*Task description*
Your output should be everything below from the line containing "WV license plate 2IB180" down to the line containing "Schutz Womens Size", both ends included, copied exactly, with pictures left out.

*Data section*
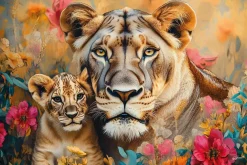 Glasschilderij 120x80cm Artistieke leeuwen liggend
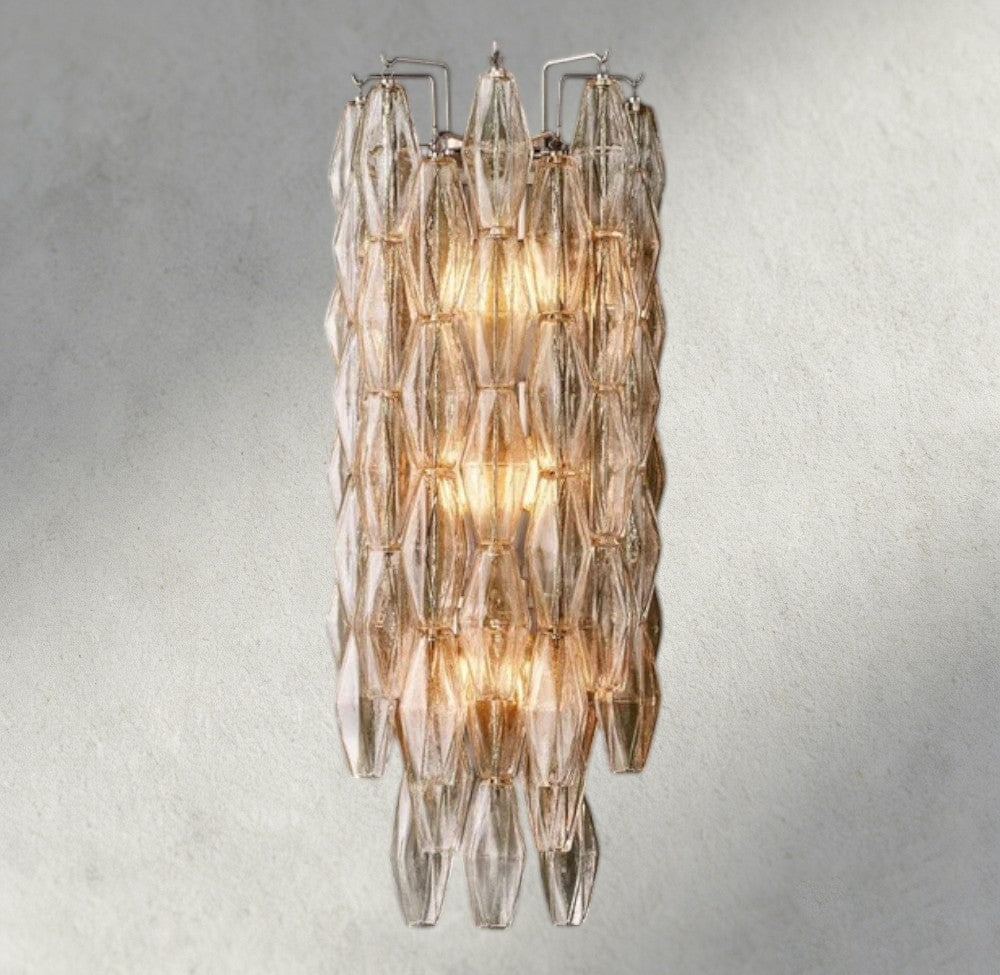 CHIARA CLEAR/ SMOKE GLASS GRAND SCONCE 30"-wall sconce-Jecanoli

...

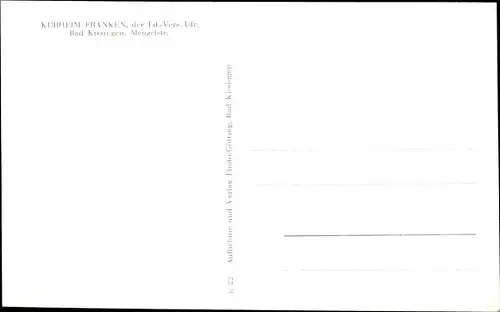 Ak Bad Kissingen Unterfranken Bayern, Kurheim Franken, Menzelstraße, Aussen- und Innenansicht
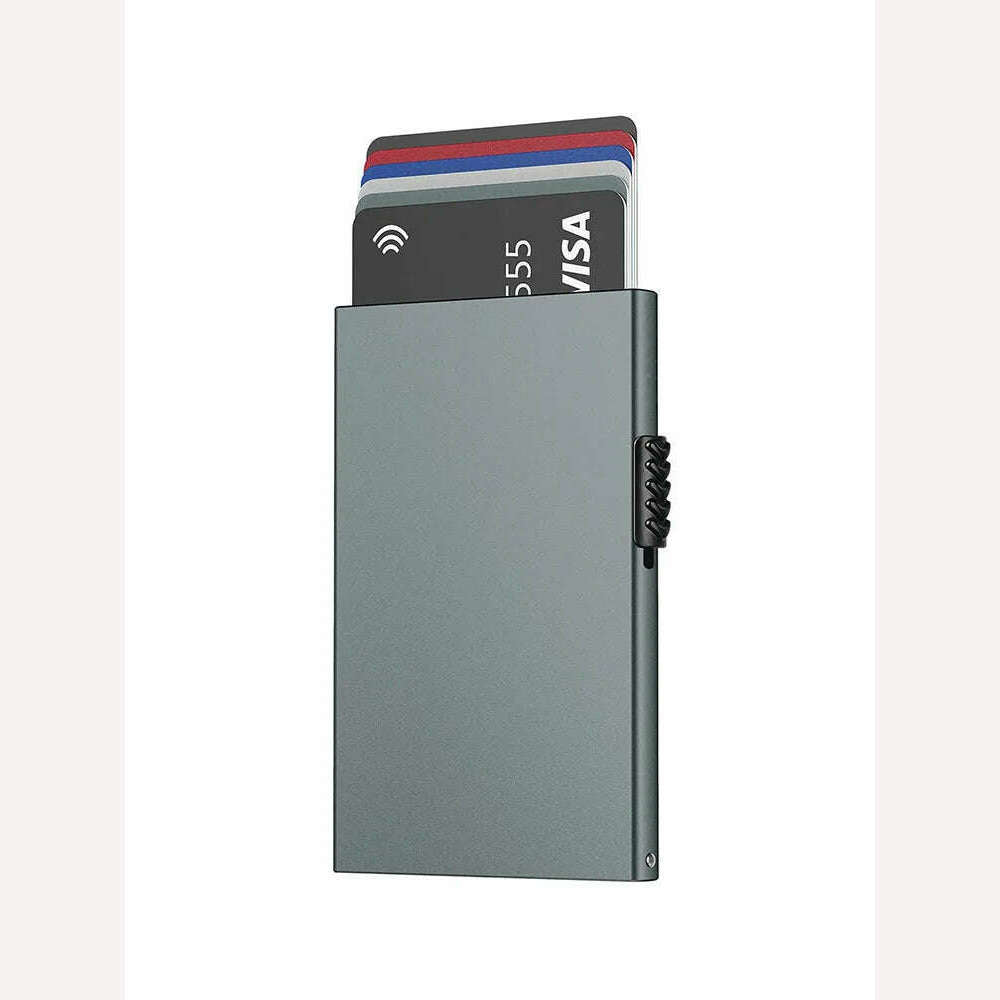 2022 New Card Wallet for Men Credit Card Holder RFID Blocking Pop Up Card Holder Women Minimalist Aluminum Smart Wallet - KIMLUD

---

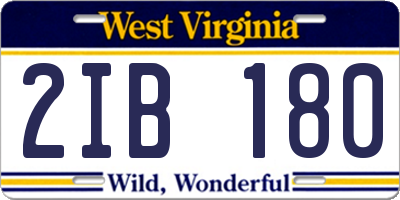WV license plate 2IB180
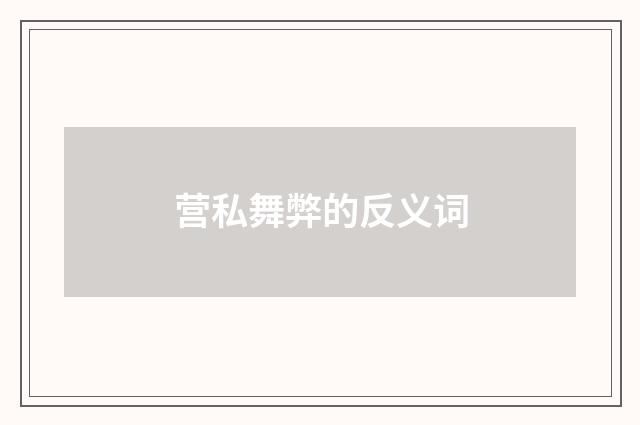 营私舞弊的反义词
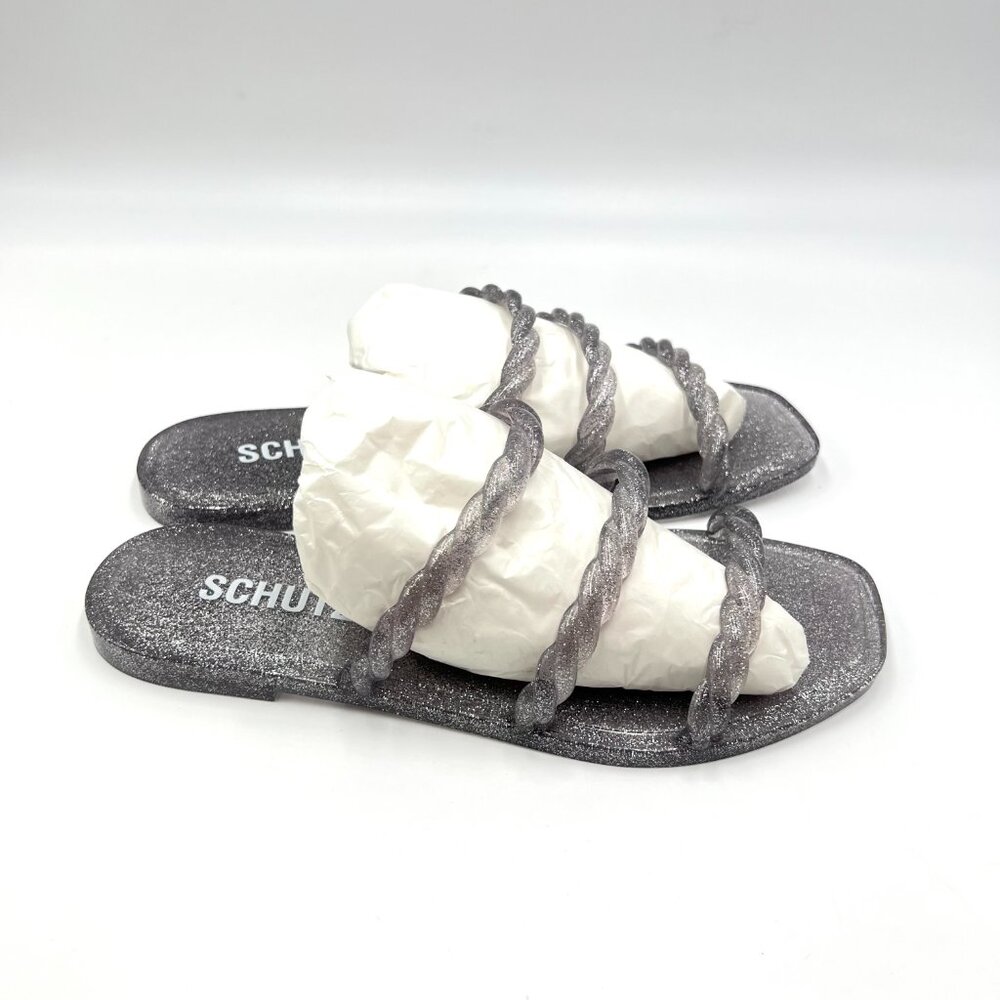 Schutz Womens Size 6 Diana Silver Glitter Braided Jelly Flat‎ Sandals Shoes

*Exercise result*
WV license plate 2IB180
 营私舞弊的反义词
 Schutz Womens Size 6 Diana Silver Glitter Braided Jelly Flat‎ Sandals Shoes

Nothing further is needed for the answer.